By Rabbi Renée Bauer
Sukkot is a holiday that reminds us of the impermanence of the structures in which we live and, most profoundly, of our very lives. Most of us who are reading this article live in a house or an apartment with a sturdy foundation and strong walls to keep out the weather. Even though we see pictures of houses destroyed by natural disasters or are approached by unhoused folks asking for money on the streets in our city, we live as if those will never be our experiences, that our shelter is permanent. But each year, Judaism asks us to un-lift the veil of our certainty. It calls on us to build a temporary shelter, a sukkah, that has a roof of branches that allows us to see the stars and a flimsy structure that can easily be blown down. We face the truth that nothing in life is permanent.
Working at Jewish Social Services, I see this truth on a regular basis. We serve clients who are living in their cars. We work with community members with mental illness that makes it hard for them to maintain their housing. We welcome refugees to this country who have fled violent situations in their home country, have lived in temporary housing in a second country, and arrive here hoping to find a safe place to be rooted. We work with senior citizens who no longer are able to safely live independently in the homes in which they raised their families and have lived for decades. We help all of these people find new housing and accompany them as they make it home.
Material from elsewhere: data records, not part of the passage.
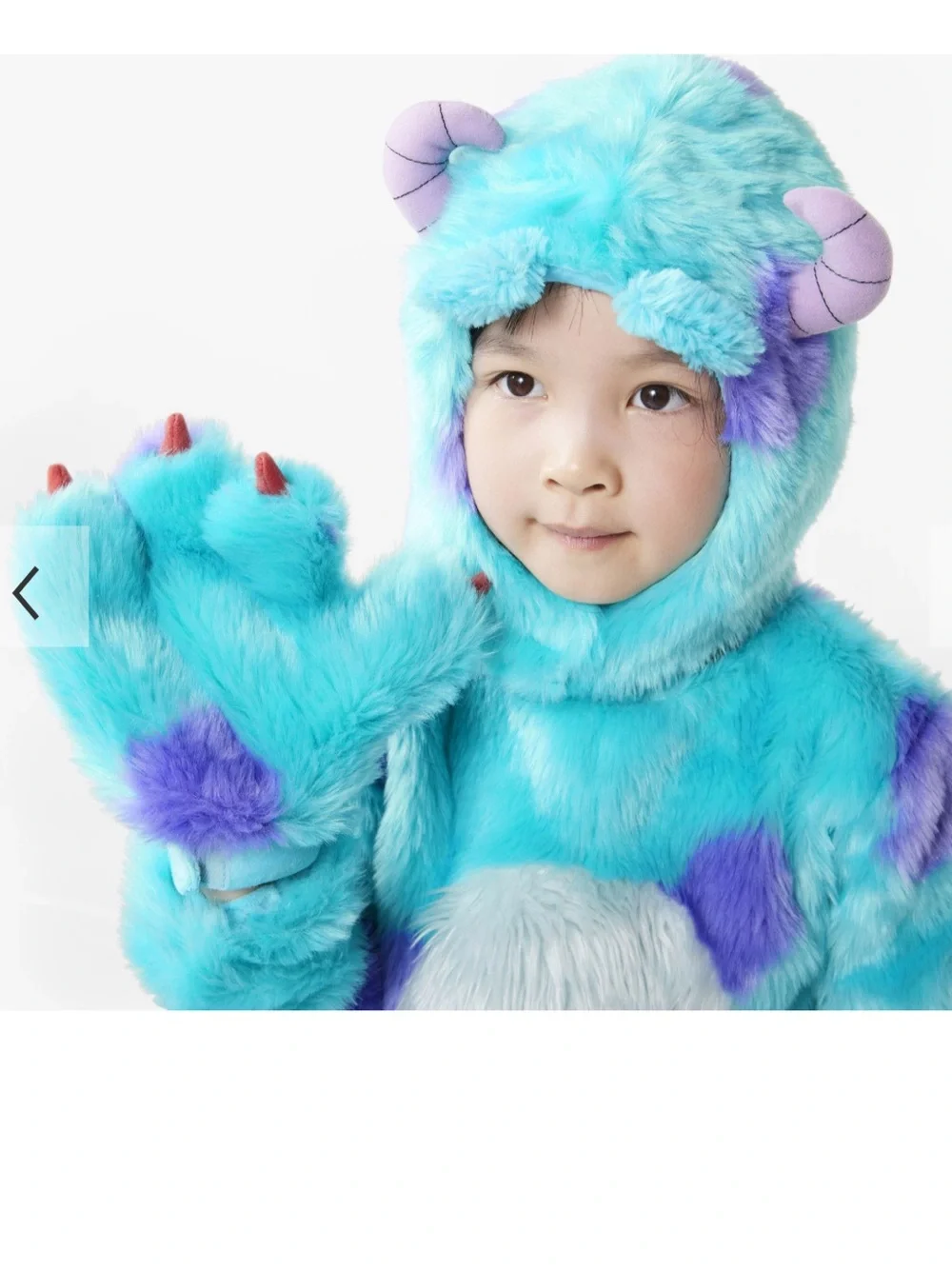 Disney and Pixar Monsters, Inc. Sulley Costume 4-6 - Picture 5 of 16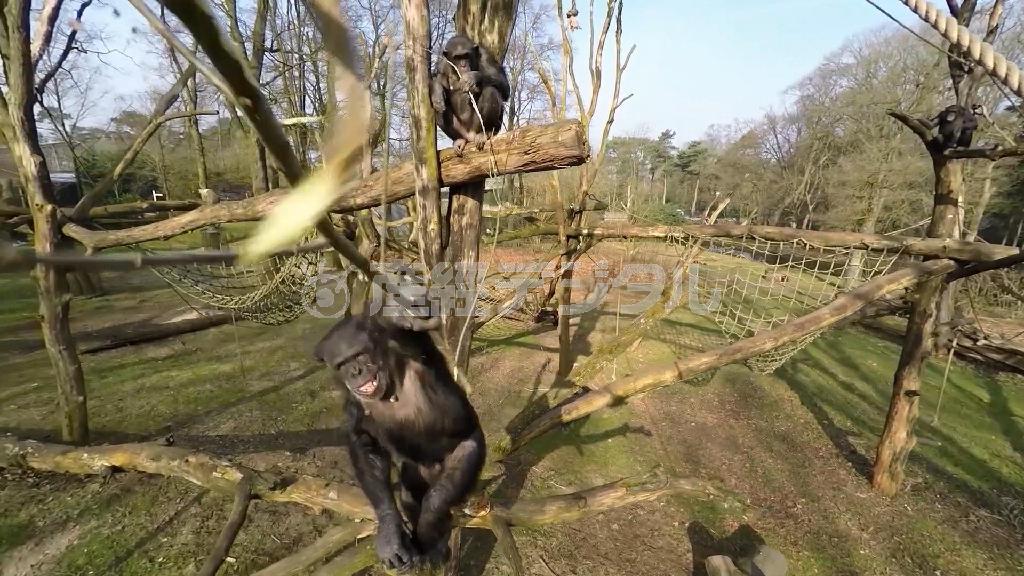 オランダ中部アーネムの動物園で、木の枝で無人機をたたき落とすチンパンジーを、無人機に搭載されたカメラが捉えた映像。チンパンジーが高い知能を持つ証しとして大きな注目を集めた＝２０１５年４月１０日（ＡＰ）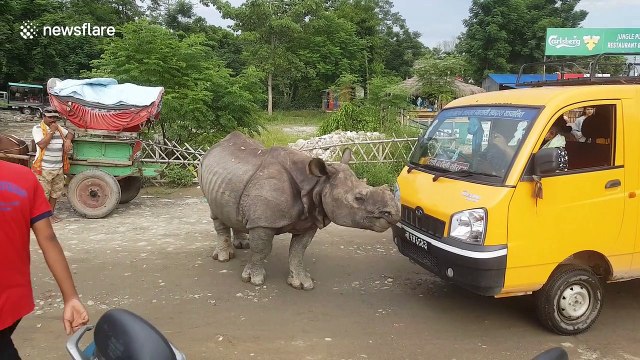 Road block! Wild rhino wanders into traffic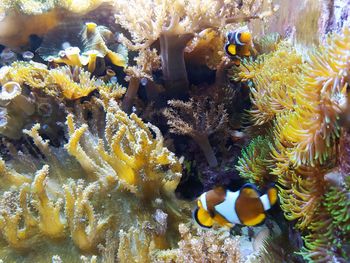 Close-up of coral in sea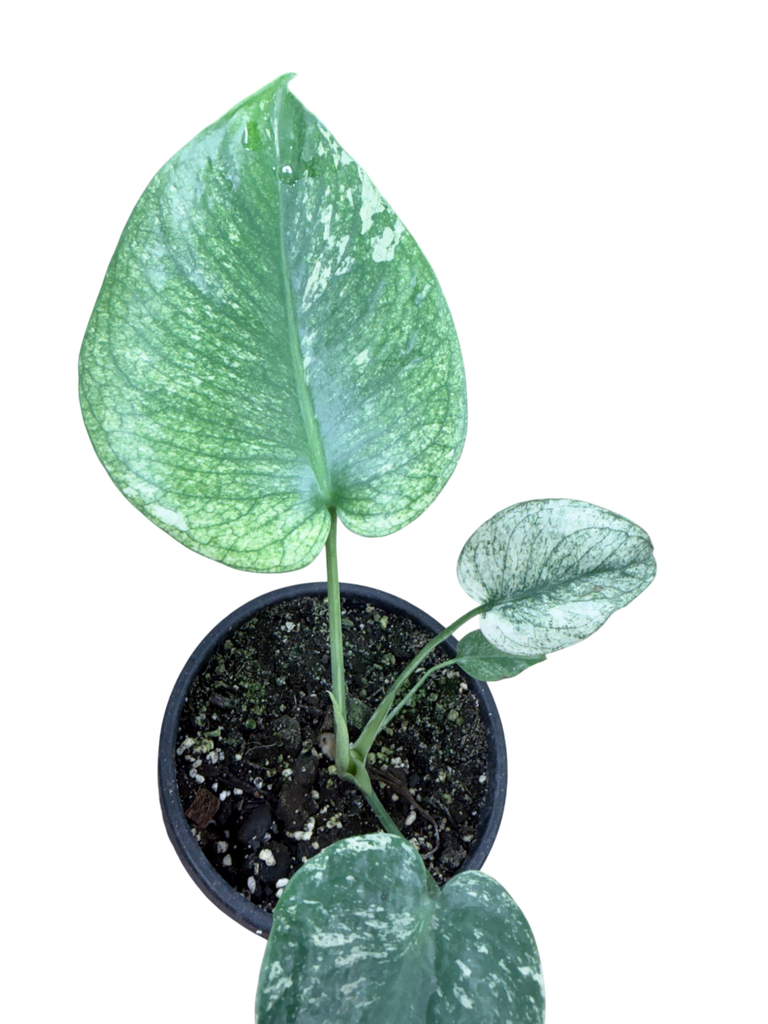 Monstera deliciosa Mint 'White Monster' — Pot ercole Ø 14 cm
This work is challenging in the Madison area, which has a very tight market that lacks sufficient affordable housing options. However, it can also be incredibly rewarding. Setting up a welcoming apartment for a newly arriving refugee family, securing affordable housing for a homeless client, or being present as seniors make the difficult transition to assisted living is holy work. It is Jewish work. We have a history as a people who wandered in the desert, who have been expelled from our homes by persecution, and who have yearned for a place to call home. We know the sanctity of home each time we walk through the doorpost with a mezuzah on it.
The sukkah reminds us of the universality of human vulnerability to the elements of nature and to the fragility of life. The sukkah is open on one side, and tradition instructs us to invite guests into our sukkah. We welcome others into our sukkah because community, more than any structure, provides us the strength to face life challenges. Together we not only survive but bring joy into our lives and make this holiday truly z’man simchateinu, the season of our joy.
Rabbi Renée Bauer is Director of Chaplaincy and Outreach at Jewish Social Services of Madison.